In Southeast Asia’s Mekong Region, Bagan in Myanmar and the Plain of Jars were both awarded UNESCO World Heritage status.
Bagan is a landscape of monumental Buddhist architecture, covering almost 3,600 stupas, temples, monasteries and associated structures. The site represents the core of the largest Buddhist empire of its time (11-13th centuries). It is still in active religious use and is especially related to the practice of merit making.
Plain of Jars, Laos
The Megalithic Jar Sites in Xiengkhuang (better known as the Plain of Jars) are a testimony to Iron Age funerary practices.
The sites include 1,325 ancient sandstone jars, crafted by a civilization that lived in the area from 500 BCE. The densest location, close to the town of Phonsavan, has 400 jars plus associated stone objects such as lids and discs.
Other sites joining cultural list
Ancient Iron Metallurgy Sites
The Ancient Iron Metallurgy Sites in Burkina Faso represent an early phase of iron production in Africa.

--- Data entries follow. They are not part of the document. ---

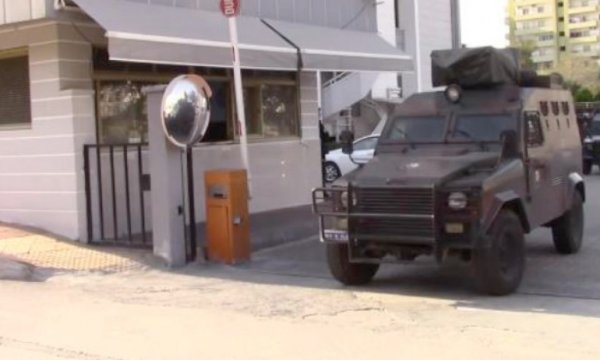 "Mersin'deki IŞİD operasyonunda 2 canlı bomba yakalandı"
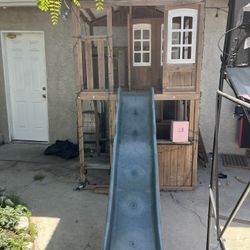 Outdoor Kids Playhouse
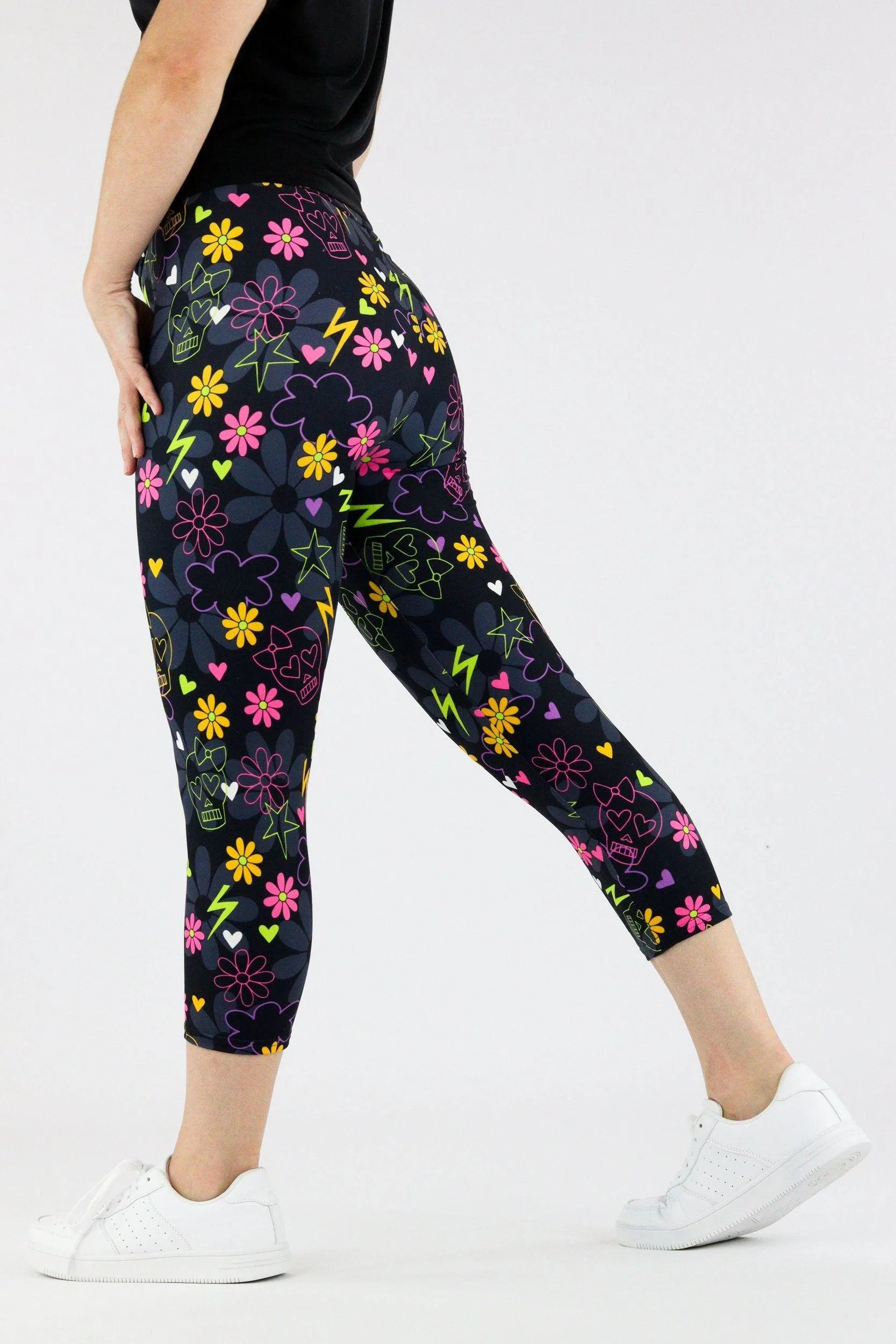 Pretty Skull - Casual Capri Leggings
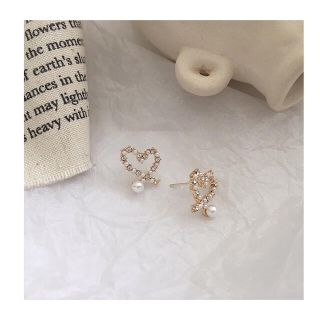 ピアス(ピアス)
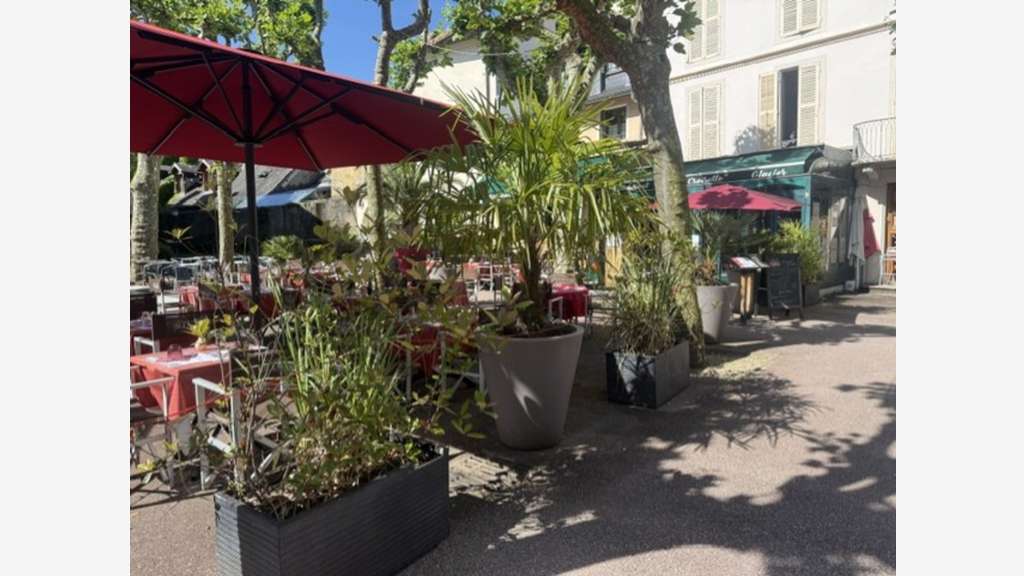 Cède restaurant en centre ville Aix les Bains (73)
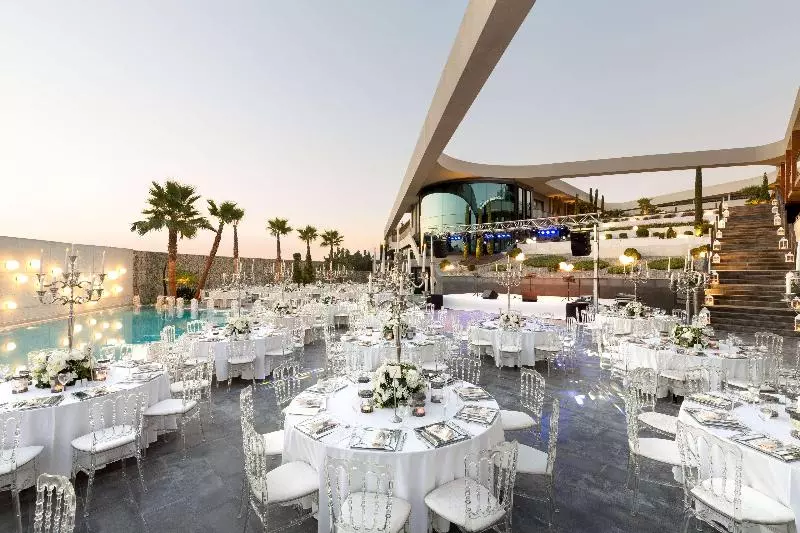 Doubletree By Hilton Hotel Izmir Airport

The five locations, spread out over Burkina Faso’s territory, comprise of iron ore smelting furnaces, slag heaps and other traces of mining. The development of this technology has lead to blacksmith traditions that are still alive today.
Babylon is the archaeological site of what once was one of the largest and oldest settlements in Mesopotamia.

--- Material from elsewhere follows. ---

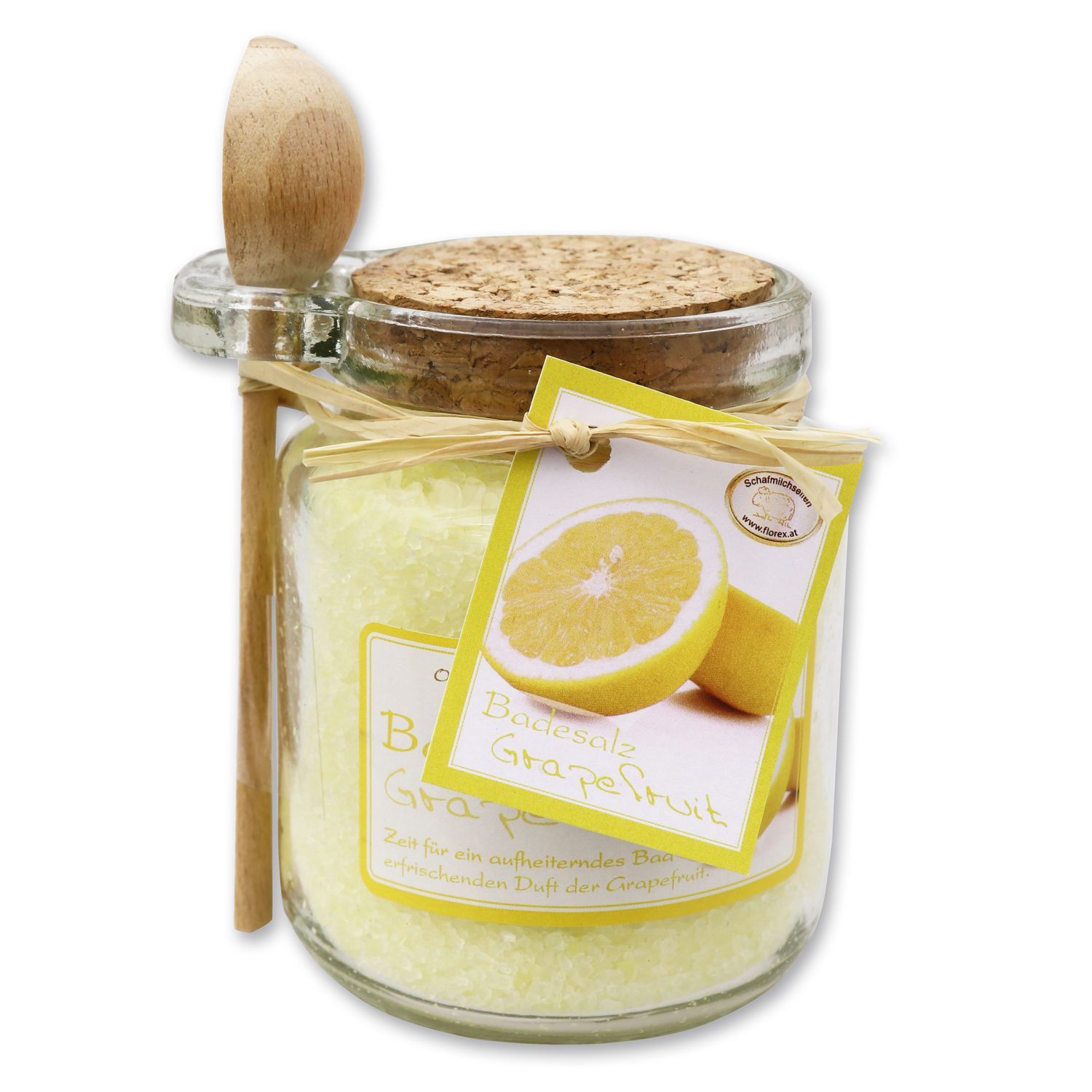Glas mit Badesalz, Korkdeckel, Holzlöffel. Anhänger mit Grapefruit-Abbildung und Schriftzug Badesalz Grapefruit.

It comprises the – largely unexcavated – remains of the ancient Neo-Babylonian city, its city walls and temples. Particularly during the reign of Nebuchadnezzar II (604–561 BC) the complete reconstruction of the imperial grounds, including the Etemenanki ziggurat, and the construction of the Ishtar Gate took place. The historical site is located in Iraq, about 85 km south of Baghdad.
Budj Bim Cultural Landscape
The Budj Bim Cultural Landscape in southwest Victoria, Australia, covers an ancient aquaculture system developed by the Gunditjmara Aboriginal people.
They manipulated the water flow through volcanic rock and trapped fish there (especially kooyang). The associated practices are still part of the Gunditjmara living cultural tradition.
Dilmun Burial Mounds
The Dilmun Burial Mounds in Bahrain represent the architecture and sepulchral traditions of Early Dilmun culture. The site comprises 21 components with thousands of burial mounds.
French Austral Lands and Seas
The French Austral Lands and Seas is a group of extremely isolated volcanic islands in the sub-Antarctic region.
It covers the Crozet Archipelago, Kerguelen Islands and Amsterdam and St Paul Islands. They are known for their marine birds (especially the world’s largest colony of King Penguins) and mammals such as seals and dolphins.
The Hyrcanian Forests in Iran comprise an 850km long massif covered in ancient natural broad-leaved forests.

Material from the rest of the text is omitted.